Waliki is an extensible wiki app for Django with a Git backend.
Attention!
It's usable but in an early development stage. I'll appreciate your feedback and help.
| home: | https://github.com/mgaitan/waliki/ |
|---|---|
| demo: | http://waliki.pythonanywhere.com |
| documentation: | http://waliki.rtfd.org |
| twitter: | @Waliki_ // @tin_nqn_ |
| group: | https://groups.google.com/forum/#!forum/waliki-devs |
| license: | BSD |
At a glance, Waliki has these features:
- File based content storage.
- Version control and concurrent edition for your content using Git
- Extensible architecture with plugins
- Markdown or reStructuredText support. Easy to add more.
- A simple ACL system
- Per page attachments
- UI based on Twitter's Bootstrap and CodeMirror.
- Works with Python 2.7, 3.3, 3.4 or PyPy in Django 1.5 or newer
Install it with pip:
$ pip install waliki[all]
Or the development version:
$ pip install https://github.com/mgaitan/waliki/tarball/master
Add waliki and the optionals plugins to your INSTALLED_APPS:
INSTALLED_APPS = (
...
'waliki',
'waliki.git', # optional but recommended
'waliki.attachments', # optional but recommended
'waliki.pdf', # optional
'waliki.slides', # optional
...
)
Include waliki.urls in your project's urls.py.
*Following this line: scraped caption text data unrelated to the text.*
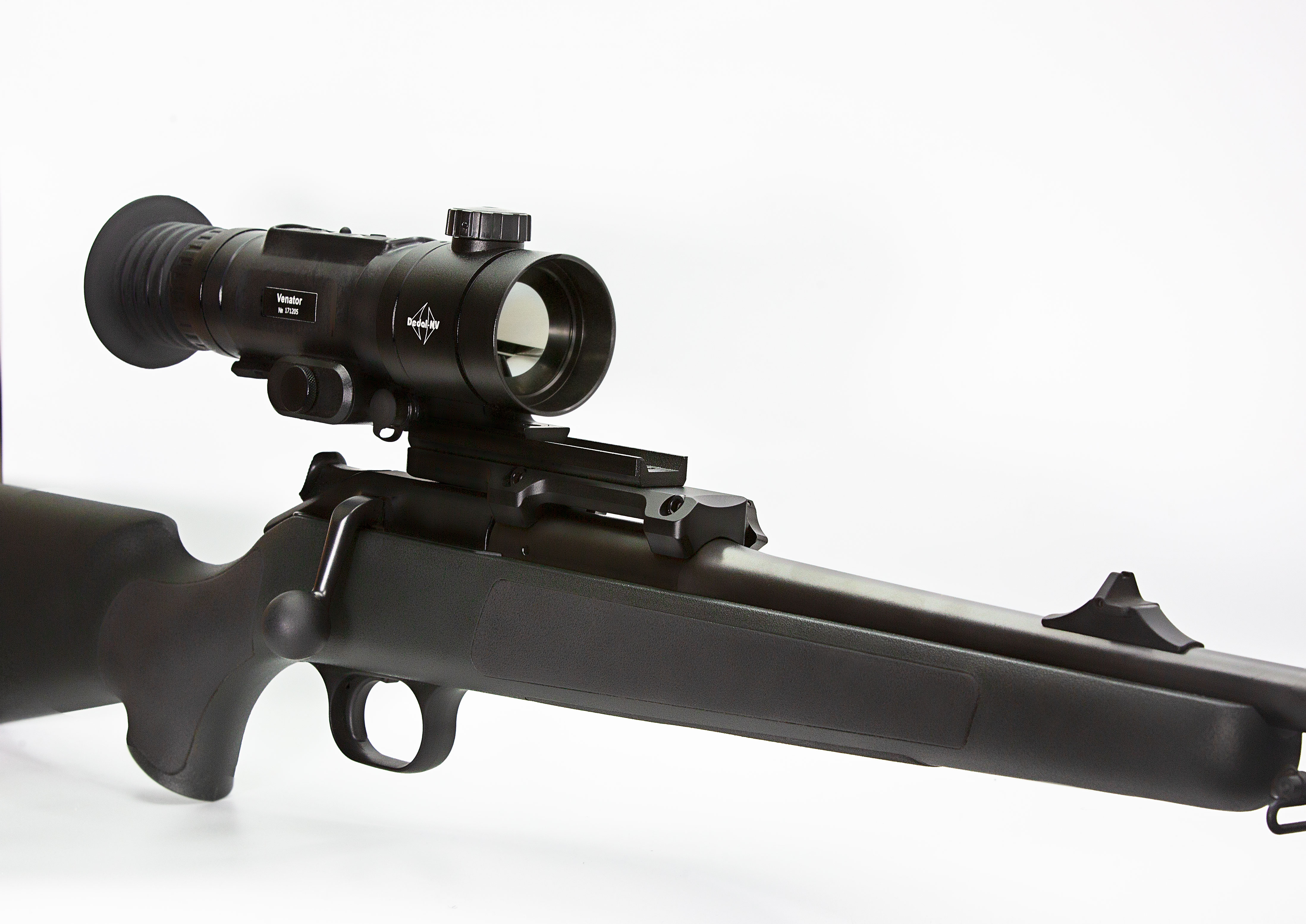 Прицел тепловизионный "Venator"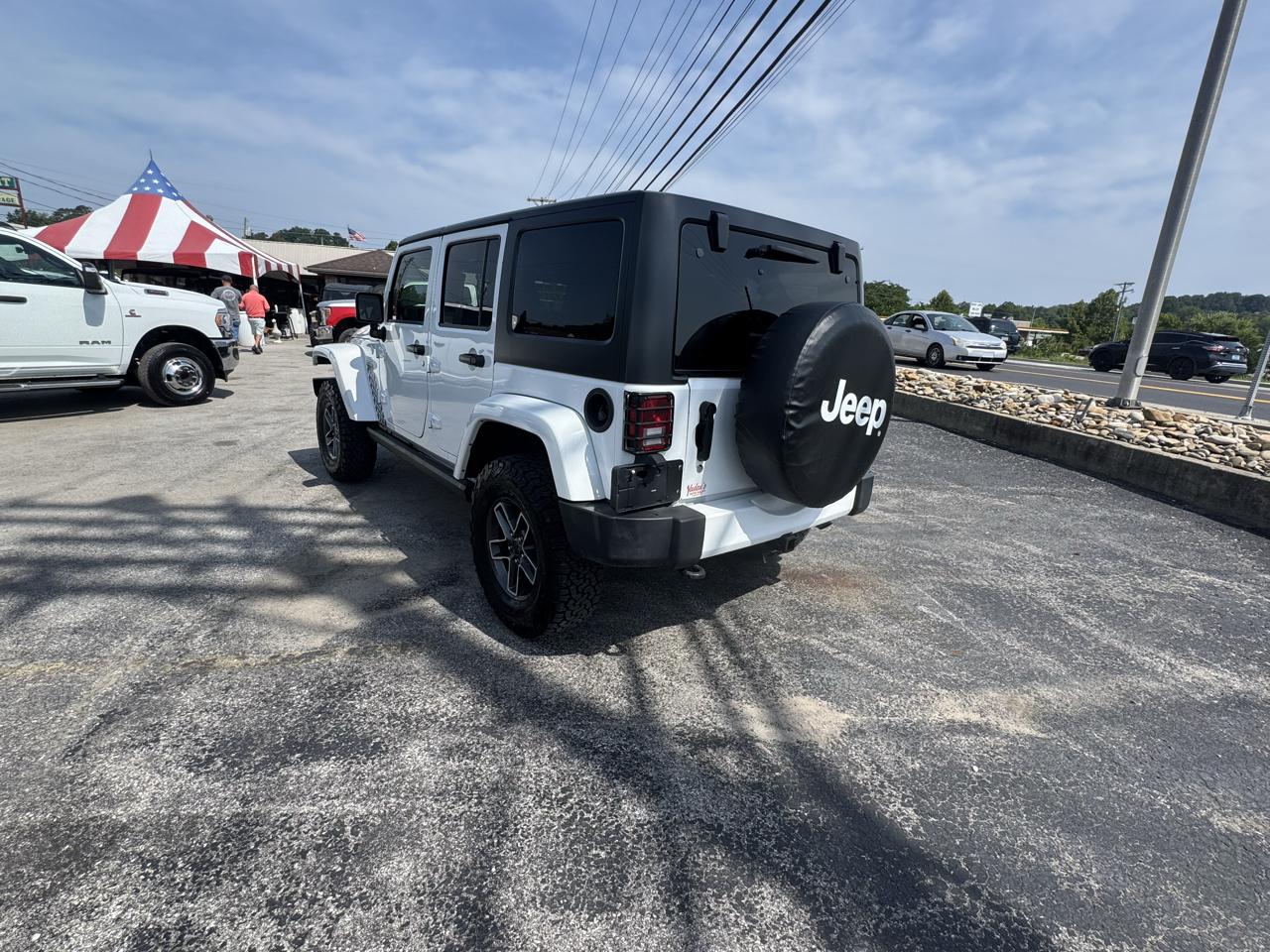 Jeep Wrangler Unlimited 4WD 4dr Sahara 2016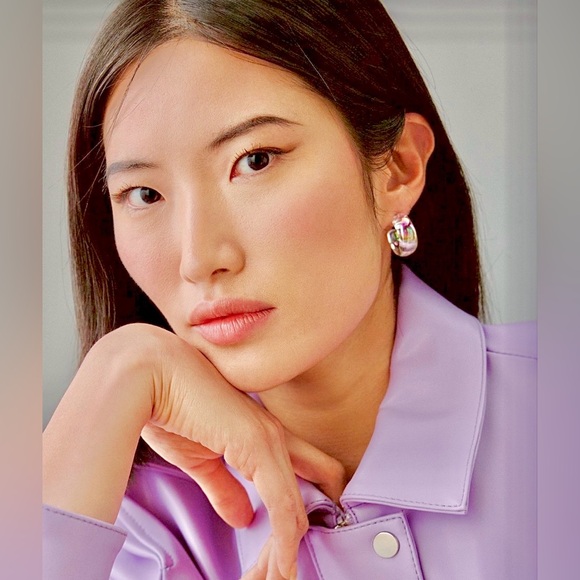 Maeve NWOT Earrings Iridescent Resin Hoop Earrings - Picture 4 of 5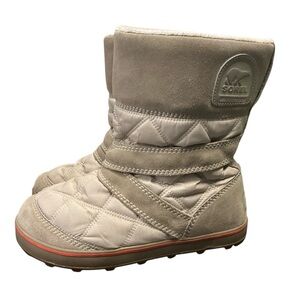Sorel winter time,womens  Quilted Cream and Tan Boots 10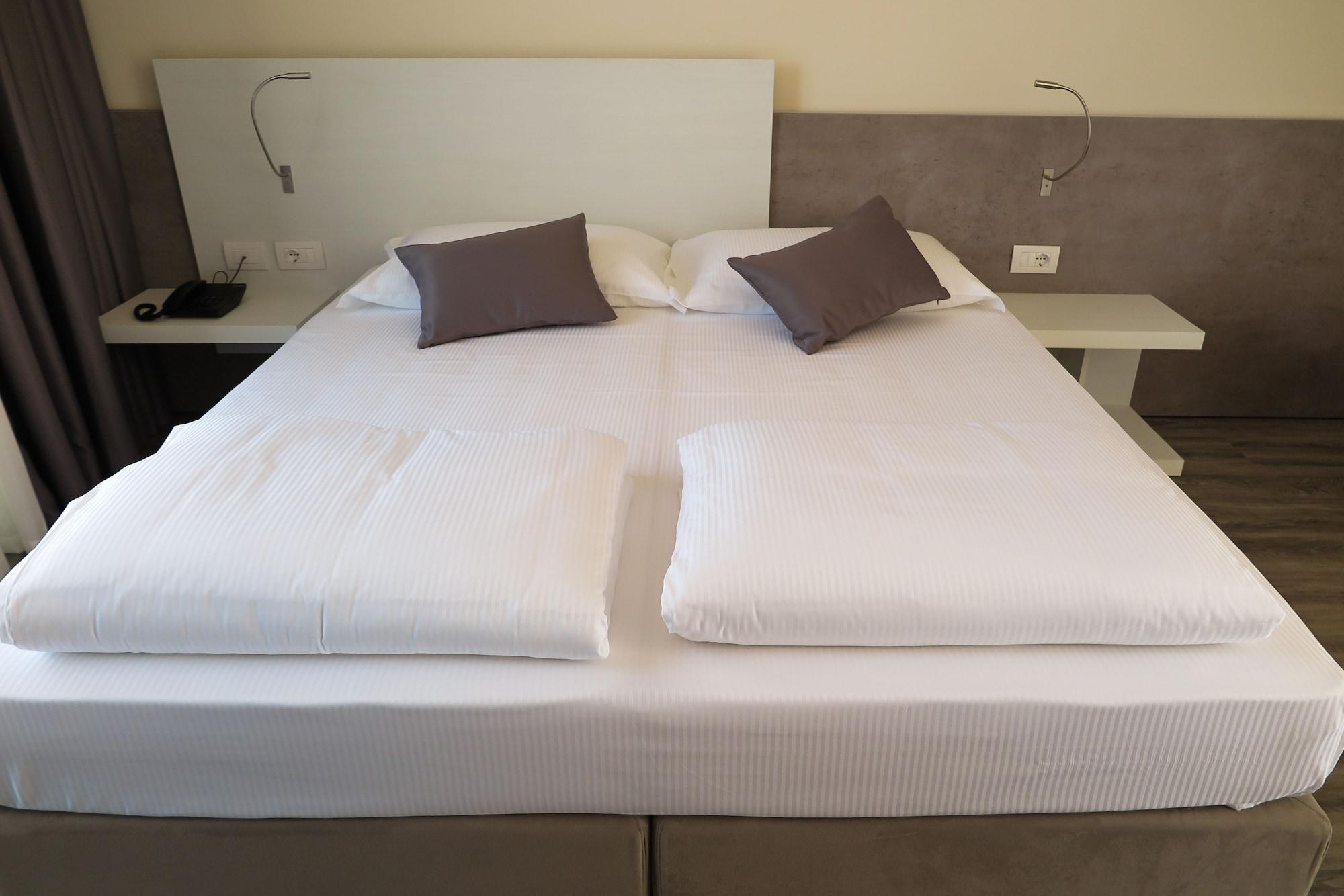 Hotel Oasi Beach Malcesine Bagian luar foto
For example:
urlpatterns = patterns('',
...
url(r'^wiki/', include('waliki.urls')),
...
)
Sync your database:
$ python manage.py migrate # syncdb in django < 1.7
Tip
Already have content? Put it in your WALIKI_DATA_DIR and run:
$ python manage.py sync_waliki
Waliki is an Aymara word that means all right, fine.
It sounds a bit like wiki, has a meaningful sense and also plays with the idea of using a non-mainstream language [1] .
And last but most important, it's a humble tribute to the bolivian president Evo Morales.